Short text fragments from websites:
-------
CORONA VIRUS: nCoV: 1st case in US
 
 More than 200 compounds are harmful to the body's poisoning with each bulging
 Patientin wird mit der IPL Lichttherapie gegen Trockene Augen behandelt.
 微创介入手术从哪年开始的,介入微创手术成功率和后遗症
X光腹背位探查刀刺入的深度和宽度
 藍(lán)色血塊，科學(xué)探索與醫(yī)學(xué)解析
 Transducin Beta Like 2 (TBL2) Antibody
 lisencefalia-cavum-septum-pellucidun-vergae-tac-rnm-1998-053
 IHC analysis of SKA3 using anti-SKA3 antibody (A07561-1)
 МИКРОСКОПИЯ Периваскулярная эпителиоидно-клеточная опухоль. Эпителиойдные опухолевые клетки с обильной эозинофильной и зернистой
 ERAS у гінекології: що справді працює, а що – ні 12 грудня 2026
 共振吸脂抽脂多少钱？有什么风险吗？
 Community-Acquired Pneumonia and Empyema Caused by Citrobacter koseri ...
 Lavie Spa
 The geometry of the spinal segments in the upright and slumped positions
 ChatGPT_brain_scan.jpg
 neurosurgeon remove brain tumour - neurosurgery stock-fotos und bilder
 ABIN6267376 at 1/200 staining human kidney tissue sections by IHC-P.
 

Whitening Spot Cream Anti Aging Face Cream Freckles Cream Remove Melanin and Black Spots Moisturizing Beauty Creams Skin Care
-------
- _Problem statement_:
Write all of the data above again, exactly as given.

- _Reply_:
CORONA VIRUS: nCoV: 1st case in US
 
 More than 200 compounds are harmful to the body's poisoning with each bulging
 Patientin wird mit der IPL Lichttherapie gegen Trockene Augen behandelt.
 微创介入手术从哪年开始的,介入微创手术成功率和后遗症
X光腹背位探查刀刺入的深度和宽度
 藍(lán)色血塊，科學(xué)探索與醫(yī)學(xué)解析
 Transducin Beta Like 2 (TBL2) Antibody
 lisencefalia-cavum-septum-pellucidun-vergae-tac-rnm-1998-053
 IHC analysis of SKA3 using anti-SKA3 antibody (A07561-1)
 МИКРОСКОПИЯ Периваскулярная эпителиоидно-клеточная опухоль. Эпителиойдные опухолевые клетки с обильной эозинофильной и зернистой
 ERAS у гінекології: що справді працює, а що – ні 12 грудня 2026
 共振吸脂抽脂多少钱？有什么风险吗？
 Community-Acquired Pneumonia and Empyema Caused by Citrobacter koseri ...
 Lavie Spa
 The geometry of the spinal segments in the upright and slumped positions
 ChatGPT_brain_scan.jpg
 neurosurgeon remove brain tumour - neurosurgery stock-fotos und bilder
 ABIN6267376 at 1/200 staining human kidney tissue sections by IHC-P.
 

Whitening Spot Cream Anti Aging Face Cream Freckles Cream Remove Melanin and Black Spots Moisturizing Beauty Creams Skin Care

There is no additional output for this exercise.